Circle c (center $A$) and circle d (center $D$) is given such that the center of c lies on d. $DA$ intersects d at $C$ and $A$. $HI$ is a chord of c that goes through $C$. $EF$ is the radical axis of c and d that intersects $HI$ at $G$.
Prove that JG bisects $\widehat{HJI}$.
My proof currently is:
- $AK\bot CK$ at K (Thales' theorem)
- Thus $AK\bot HI$ at K
- Since $HI$ is a chord of c $\Rightarrow HK=KI=1/2HI$
- Applying intersecting chords theorem to both c and d we get $GC\cdot GK=GH\cdot GI=GE\cdot GF$
- $\Rightarrow GH\cdot (CI-CG)=(GH+HC)(HK-HG)$
- $\Leftrightarrow GH\cdot CI-GH\cdot CG=(GH+HC)((CI-CH)/2-HG)$
- $\Leftrightarrow GH\cdot CI-GH\cdot CG=(GH+HC)((CI-CH)/2)-GC\cdot HG$
- $\Leftrightarrow GH\cdot CI=(GH+HC)(CI-CH)/2$
- $\Leftrightarrow 2GH\cdot CI=(GH+HC)(CI-CH)$
- $\Leftrightarrow 2GH\cdot CI=GH\cdot CI-GH\cdot CH+CH\cdot CI-CH^2$
- $\Leftrightarrow GH\cdot CI=(CI-GH-CH)\cdot CH$
- $\Leftrightarrow GH\cdot CI=CH\cdot GI$
- $\Leftrightarrow GH/GI=CH/CI$
- Since $\widehat{CJG}$ is a right angle we can use the inverse angle bisector theorem to arrive at the result.
Evidently the algebra part is as painful as can be if not downright impossible if you don't know the target equation firsthand.
Questions:
- Does this theorem have a name?
- Is there a way to prove this that circumvents the algebraic manipulation?

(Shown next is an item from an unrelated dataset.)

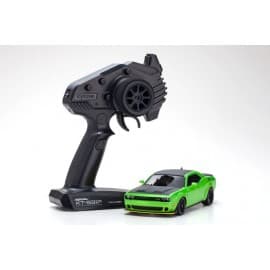 Kyosho Mini-Z AWD Challenger SRT (Green)
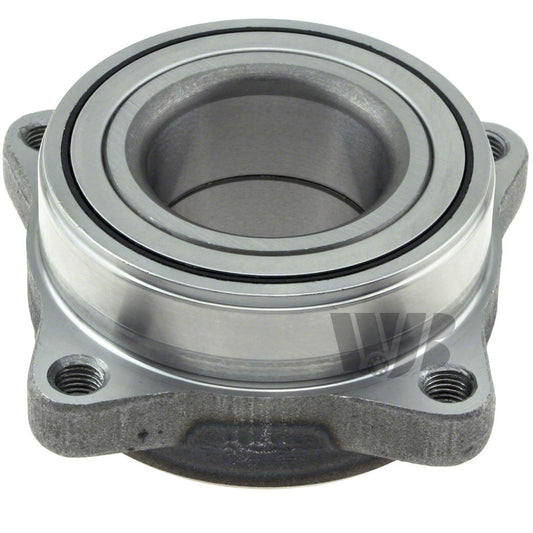 WJB WA510038 WJB WA510038 - Front Wheel Hub Bearing Assembly / Wheel Bearing Module - Cross Reference: Timken 510038 / Moog 510038 / SKF FW184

- Failing that, can the manipulation at least be made less cumbersome?
Best Answer
One can prove, equivalently, that $AC$ bisects $\angle HJH'$, where $H'$ is the other intersection of $IJ$ with $c$. From: $$ CH\cdot CI =CE^2=CA\cdot CJ $$ we get $$CH:CA=CJ:CI,$$ that is triangles $CHA$, $CJI$ are similar. It follows that $$ \angle CIJ=\angle HAC={1\over2}\angle HAH'. $$ Hence $AC$ bisects $\angle HAH'$ and also $\angle HJH'$.